Title: Re: Figuring out an epoxied circuit?
Post by: MikeH on December 21, 2007, 12:34:30 PM
Quote from: trendyironicname on December 20, 2007, 09:17:37 PM
My posts will probably become more and more incoherent as my vacation wears on and I just sit here thinking noncoherently with no coherents coherently coherenting. I like cheese.  ;)

The less sense matter and matter is more than sense
Title: Re: Figuring out an epoxied circuit?
Post by: R.G. on December 21, 2007, 03:50:31 PM
Quote from: casey on December 20, 2007, 11:38:37 PMa. he has offered to send his product out for free and pay for the postage...
     why doesn't someone take him up on it...like r.g. or mr. hammer... and try out the device for yourself.  don't see that anyone has anything to lose by doing so.
I won't take a free one because it's of no use to me to have one just to listen to, as I mentioned.

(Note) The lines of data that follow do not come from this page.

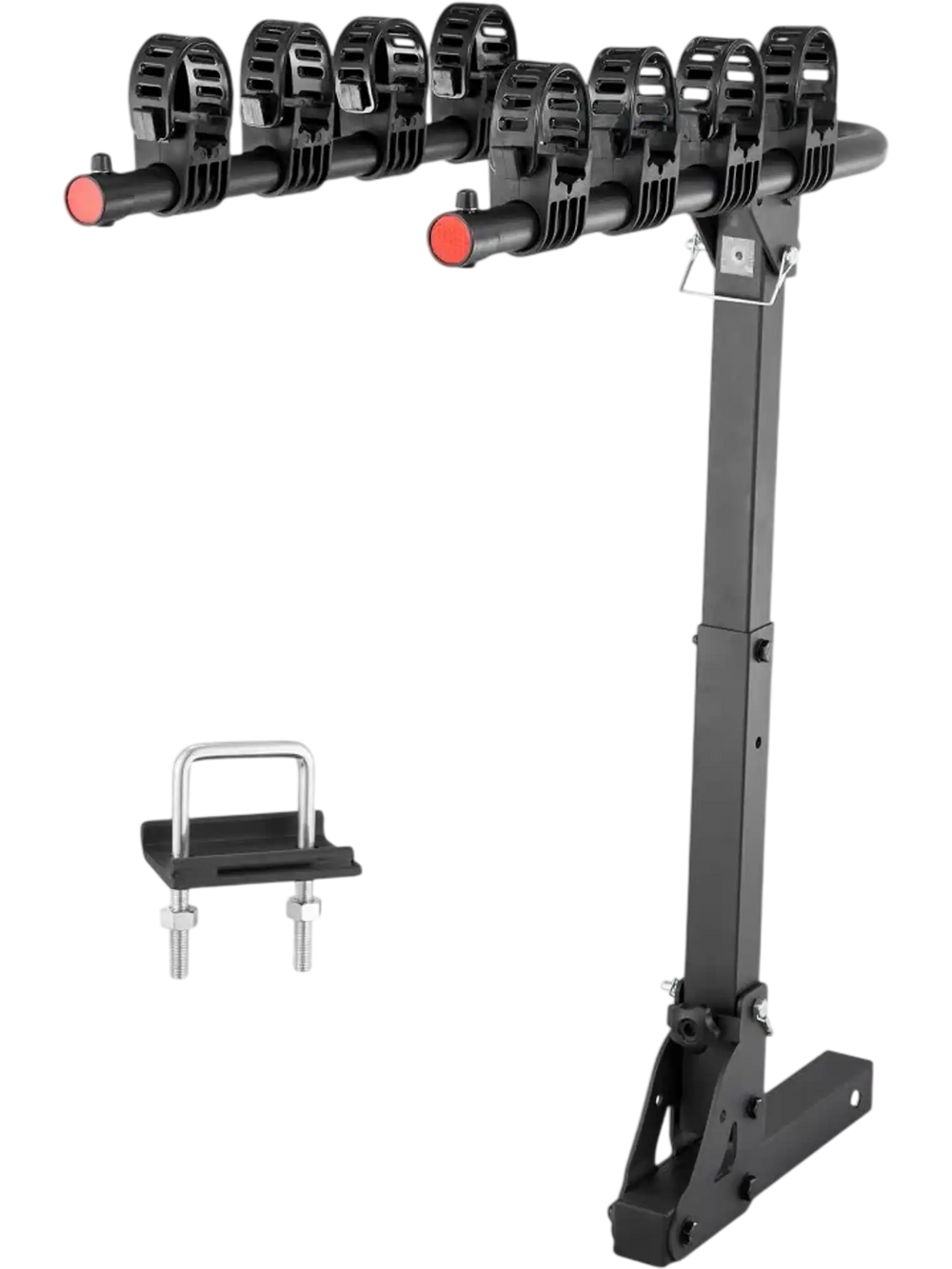 VEVOR Hitch Mount Bike Rack, 4-Bike Carrier Rack, 150 LBS Capacity Bike Rack Hitch for 2-inch Receiver, Titling and Folding Bike Carrier with No-Wobble U Bolt and Strap, for Car, SUV, Truck, RV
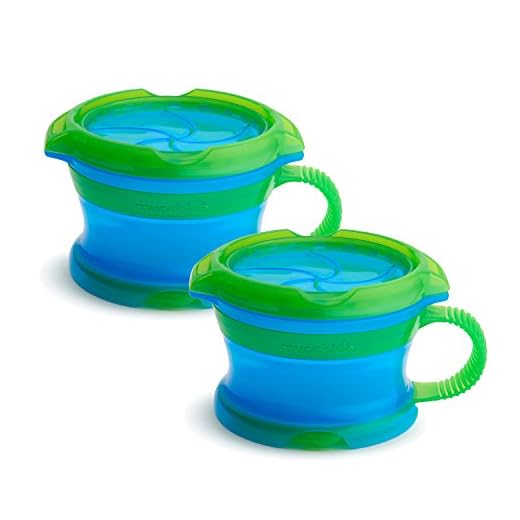 Munchkin Deluxe Snack Catcher with Lid, 9 Ounce, 2 Pack, Blue/Green
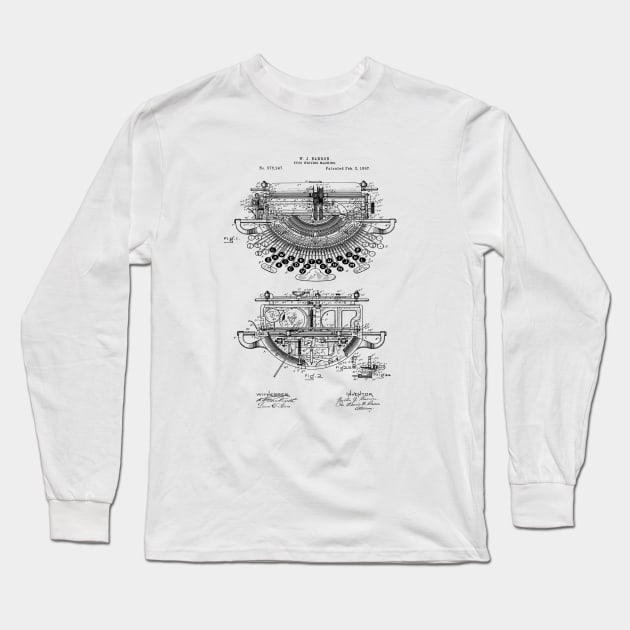 Patent Art - Vintage Typewriter Design Long Sleeve T-Shirt by MadebyDesign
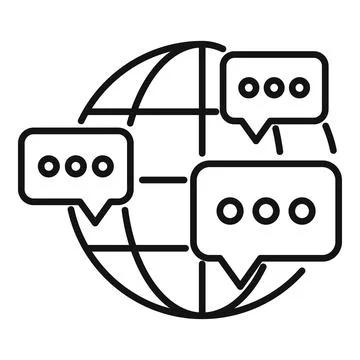 Global forum icon outline vector. Web people Stock Illustration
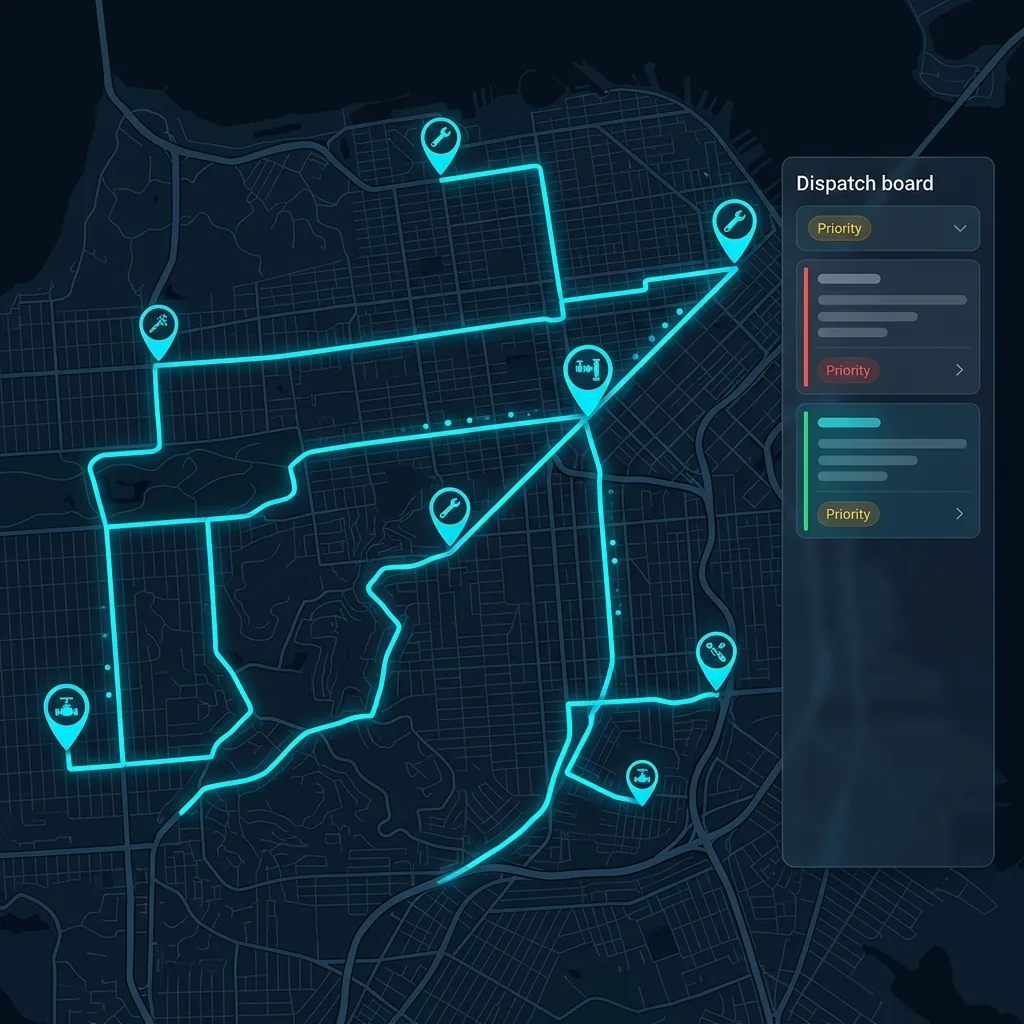 City map with optimized route lines connecting plumbing job locations with dispatch board overlay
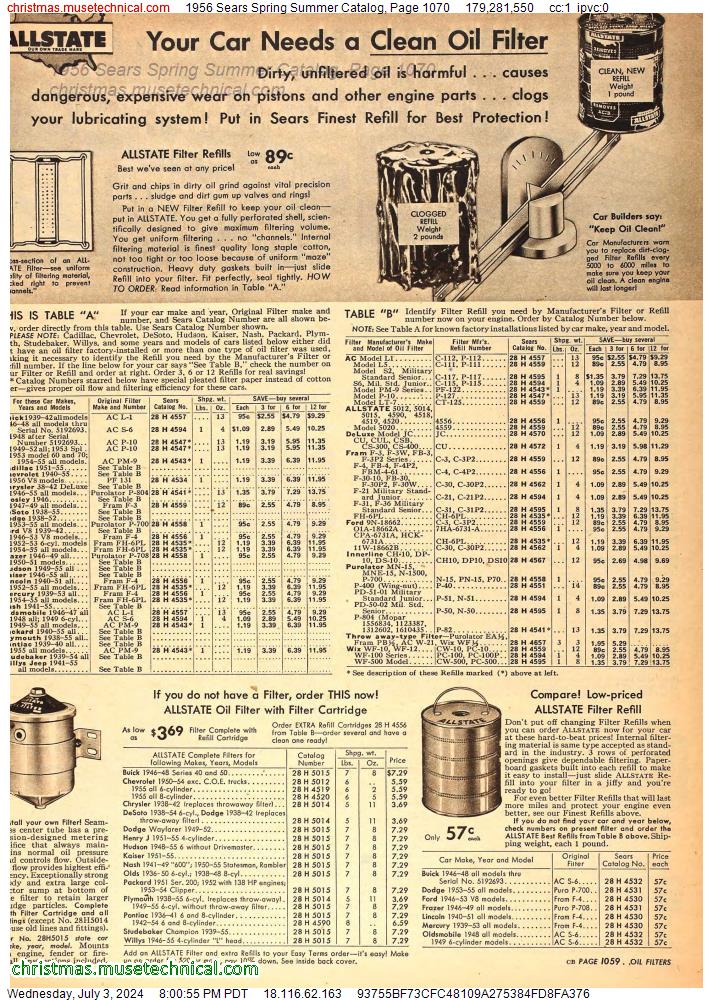 1956 Sears Spring Summer Catalog, Page 1070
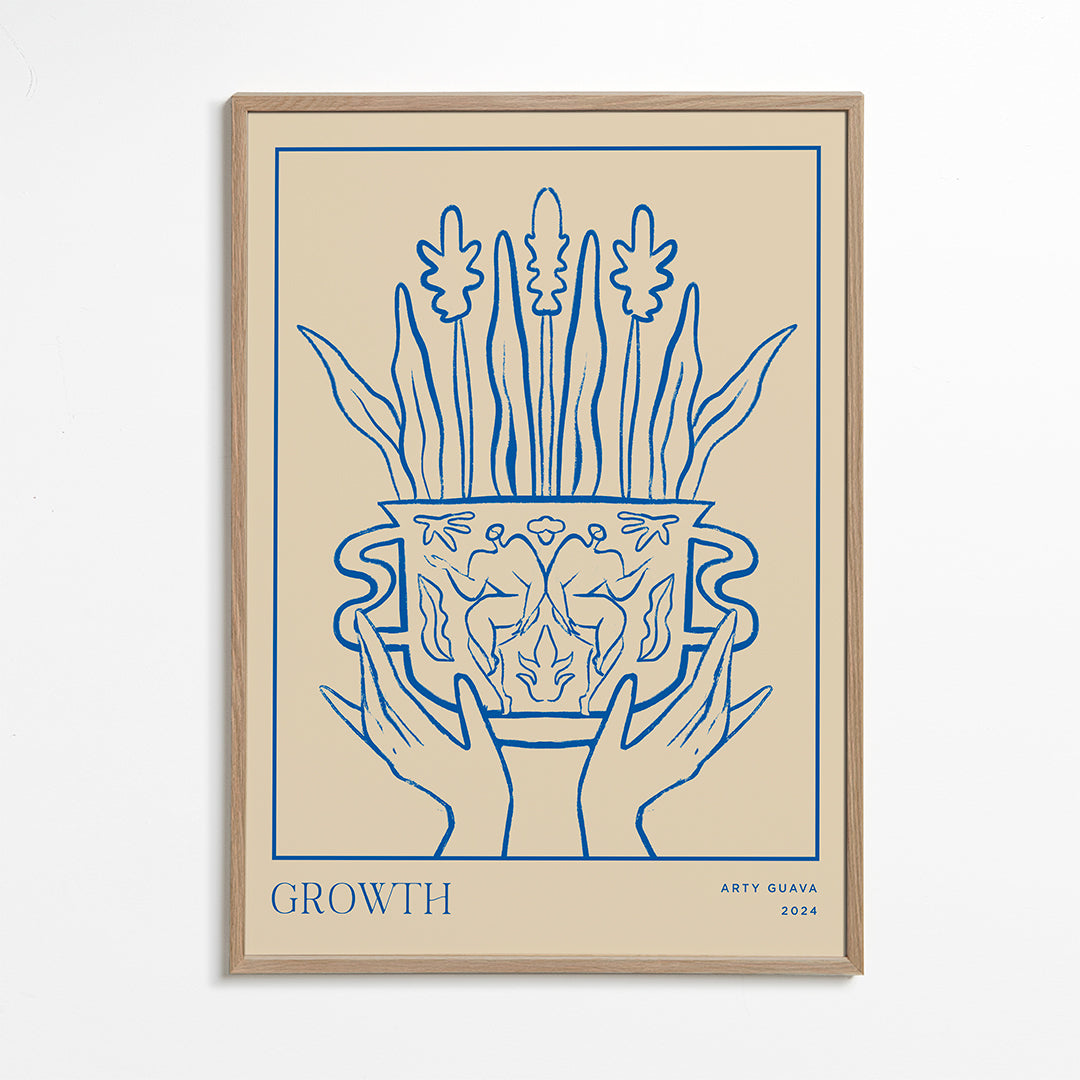 Botanisk poster Growth i blå linje
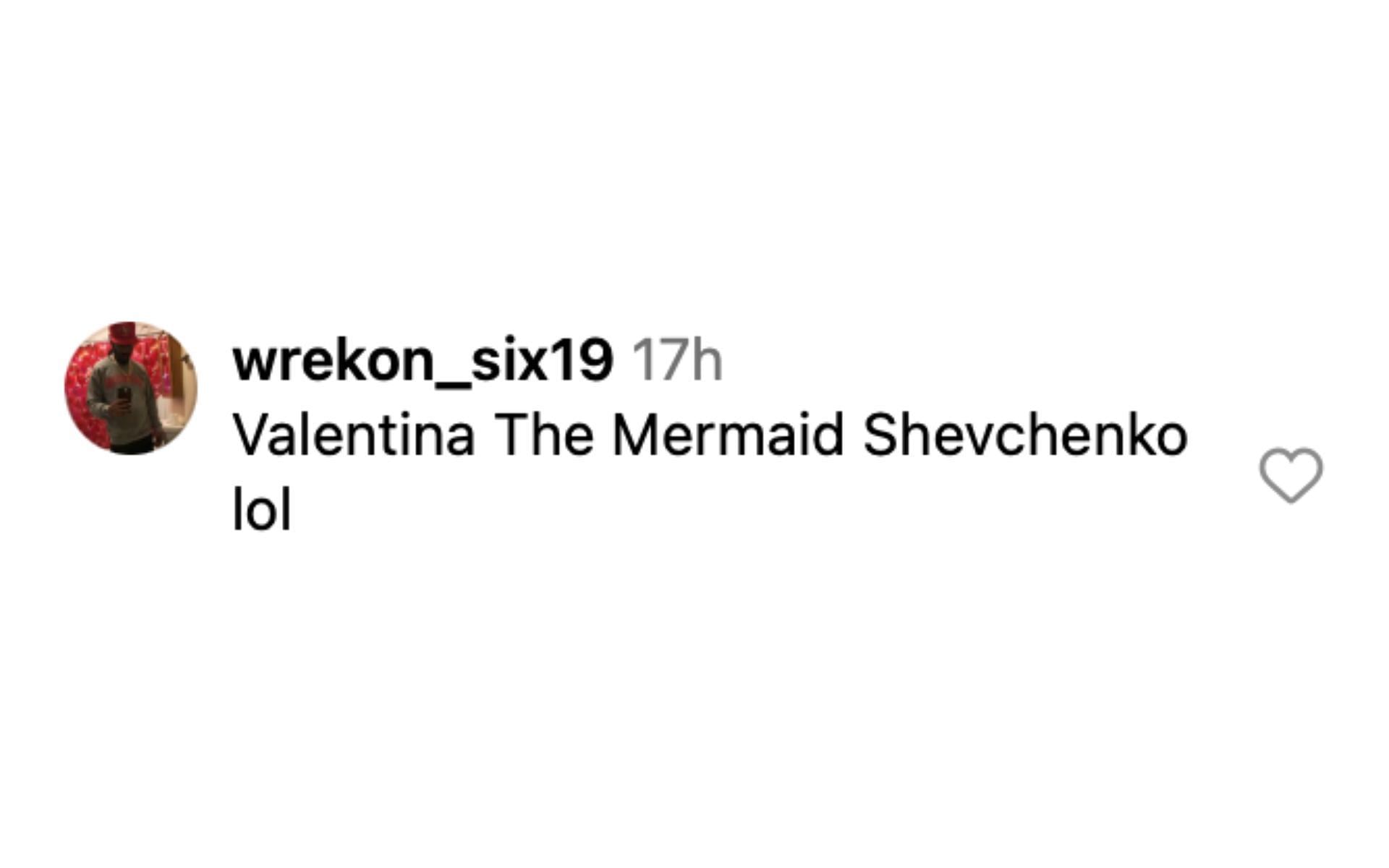 Fan reacting to Valentina Shevchenko&#039;s swimming pool post [via @bulletvalentina on Instagram]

If the device turns out to be a step forward, I will buy one. In that case I will have no hesitation at cutting it apart and finding out how it works. I would not feel so free if it was given to me to evaluate.

Quote from: casey on December 20, 2007, 11:38:37 PMb. if some of the forumites try it out and there is an audible difference, then who cares how it works....if it is bull, than no one has lost any money except for jobet who sent the product out to begin with.
If it works, there is a positive audible difference, GREAT! Good sound is scarce, and there ought to be more of it. Like I said to Jobet, I think he's doing himself a disservice by how he describes it. But the proof is in the listening.

On the other hand, I do care how it works, just like I cared how the tube screamer worked, and the fuzz face, and the Vox wah, and ...

I'm kind of nuts about how everything works. There have to be a few of us around to keep the magic new goodies coming out, right? So if it's worthwhile, I'll find out how it works eventually.

Quote from: casey on December 20, 2007, 11:38:37 PMi will say that i really dont care how it works....does it work?  i think that there was an excellent point brought up that it may be better for jobet to try and not explain how it works, but that it simply does work....offer a money back guarantee.... 
I suggested that he do that, I believe.

Quote from: casey on December 20, 2007, 11:38:37 PMi get the feeling that he is not trying to mess people around and that he really believes in his product.  a lot can be said for that....  i would really like to hear other peoples findings from this forum. 
I don't think he's trying to pull a fraud, and does believe in what he makes. And we WILL find out how it works, eventually.
Title: Re: Figuring out an epoxied circuit?
Post by: Jobet on December 23, 2007, 08:34:03 AM
Tsk. I guess poor inventors like myself are really in a no-win situation in places like this. if it doesnt work or works sub-par, it's snake-oil. If it does work, it gets reverse-engineered and eventually ripped off.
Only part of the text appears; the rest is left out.